Right, Julia is unlikely to adopt the OpenMP syntax, but clang having OpenMP capability makes it possible for us to compile FFTW and OpenBLAS with OpenMP on Mac, where we use clang as the default compiler. This is nice to have, when it happens.

stevengj commented 11 years ago

Last I checked, it was a bad idea to compile FFTW with clang; gcc gave significantly better performance. I don't know about OpenBLAS. For your precompiled Mac binaries, you might want to look into this.

(Fortunately, the Intel OpenMP library is supposedly ABI-compatible with libgomp, so you can hopefully compile FFTW with gcc and --enable-openmp and still use the Intel runtime.)

bsilbaugh commented 11 years ago

It seems that perhaps there are really three distinct (but related) issues being raised here:

  1. Levering shared memory communication on multi-core machines.
  2. Supporting a thread-based programming model
  3. Compatibility with OpenMP libraries

In regards to issue 1, I don't see why Julia would need to change it's programming model to support shared memory communication. (Perhaps I've just revealed my own ignorance regarding Julia.) For example, MPI was designed with distributed computing in mind; however, many MPI implementations (e.g. OpenMPI) are still able to pass messages directly in memory when the sender and receiver are on the same machine. Hopefully, Julia will be able to (if it doesn't already) optimize it's communication strategy in a similar manner.

In regards to issue 2, I don't think it's unanimous that thread based programming models are always the best way to write high-performance parallel algorithms. In fact, I believe the designers of the D programming language decided to implement a message passing model to avoid many of the pitfalls of thread-based programming (see http://www.informit.com/articles/article.aspx?p=1609144 for details). Furthermore, with the exception of very simple programs, getting good performance out of OpenMP usually requires more effort than adding a few pragmas. As far as the simple cases are concerned, I think implementing parallel loop macros might be sufficient to make Julia as convenient as OpenMP.

Unfortunately, I don't have much to offer regarding issue 3.

I hope this helps.

cognociente commented 11 years ago

It seems that there has been progress made with OpenMP and CLANG. See below article:

http://www.phoronix.com/scan.php?page=news_item&px=MTQ0NjQ

and

http://lists.cs.uiuc.edu/pipermail/llvmdev/2013-August/065169.html

I have actually been watching the progress of Julia and this issue in particular before jumping into learning a whole new toolset. I genuinely believe this is a must-have for a language/tool like Julia and second the reasoning of stevengj above that this is just so much easier to code for than thinking of distributed memory.

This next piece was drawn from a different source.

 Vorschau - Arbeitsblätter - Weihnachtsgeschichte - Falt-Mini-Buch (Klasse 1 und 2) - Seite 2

stevengj commented 11 years ago

@bsilbaugh, no one is arguing that "thread based programming models are always the best way to write high-performance parallel algorithms," just that they are significantly simpler in many common cases. The whole point of this that in the simple cases where one wants to parallelize an expensive loop (#pragma for) or a recursive tree of calls (#pragma task), you can often get good performance (even if not optimal) just by adding a few pragmas. (Even the difficulty of load-balancing irregular problems has been essentially solved.) These cases come up extremely often in practice in my experience.

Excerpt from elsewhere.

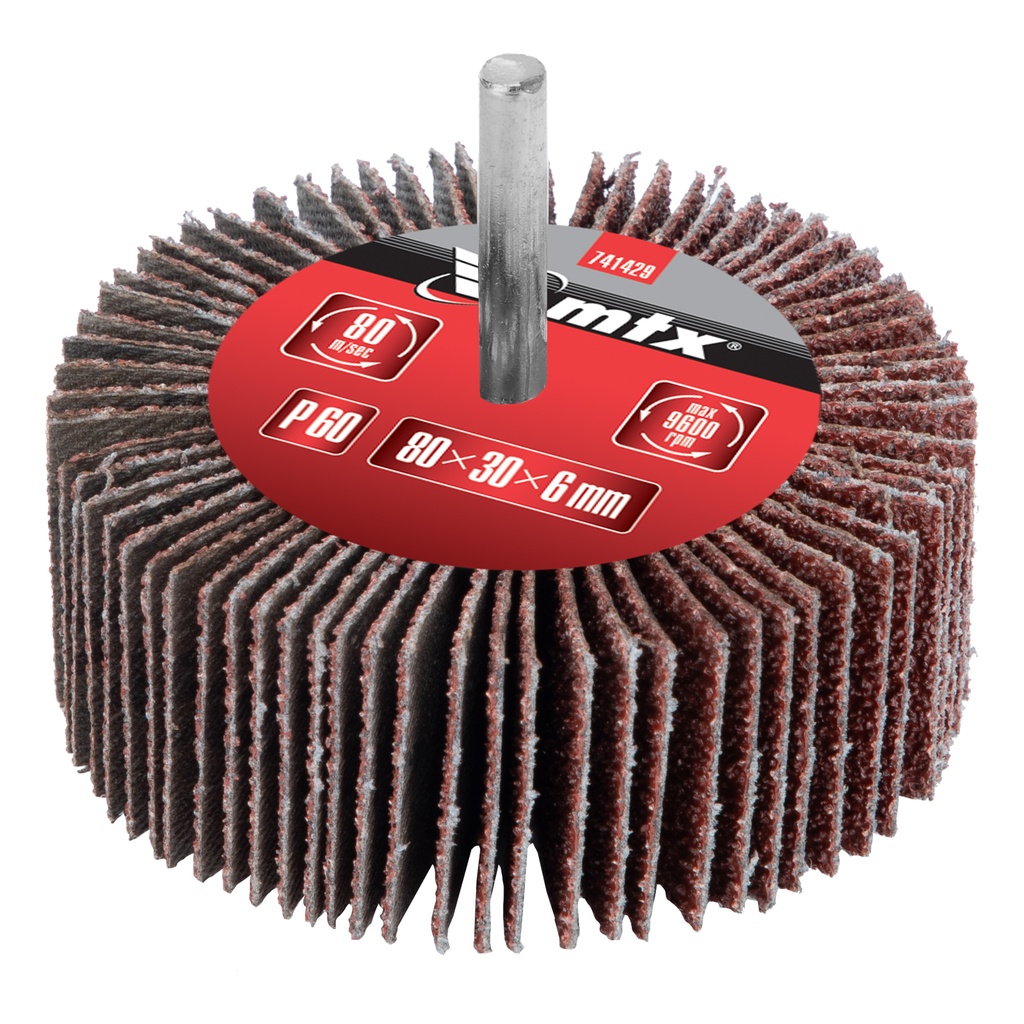 Shaft-mounted Flap disc, P 60, 80 х 30 х 6 mm/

And "implementing parallel loop macros" is not sufficient, precisely because it doesn't deal with the issue of memory. The problem is not parallelizing the loop, the problem is that in distributed-memory systems you need to decide in advance where things are stored and deal with explicit communication. This is what shared-memory avoids, and this is where automated language tools have been an abject failure in distributed-memory systems for 20 years. This is not a simple problem.

bsilbaugh commented 11 years ago

@stevengj Breath. Maybe have some Camomile tea. Look, a cute puppy.

First, I think we agree on a few things:

  1. Julia should do whatever she needs to do under the hood (or skirt?) to optimize inter-process communication. This includes exploiting shared memory and/or system threads when two (or more) processes are running on the same machine.
  2. Simple tasks should be kept simple, and hard things doable.
  3. Julia needs to be competitive with existing technologies such as OpenMP, CUDA, and our beloved (or hated) grandpa MPI.
  4. This is not a simple problem.
  5. That was a darn cute puppy.

Now, let's consider the main point:

The whole point of this that in the simple cases where one wants to parallelize an expensive loop (#pragma for) or a recursive tree of calls (#pragma task).

For simple cases (loops), being able to use OpenMP is nice. No argument. But is it worth exposing another parallel programming model to the user? Another model that the user needs to think about when composing parallel libraries? (Developer A may decide he will only use threads for his library, and developer B will decide that he will only use one-sided comm for his library. But someday, developer C is going to need to put library A together with B, and will have to try to reason about their interaction.) I think this is perhaps where we disagree. We disagree about the idea of bolting on yet another parallel programming model to the language itself. And that's okay.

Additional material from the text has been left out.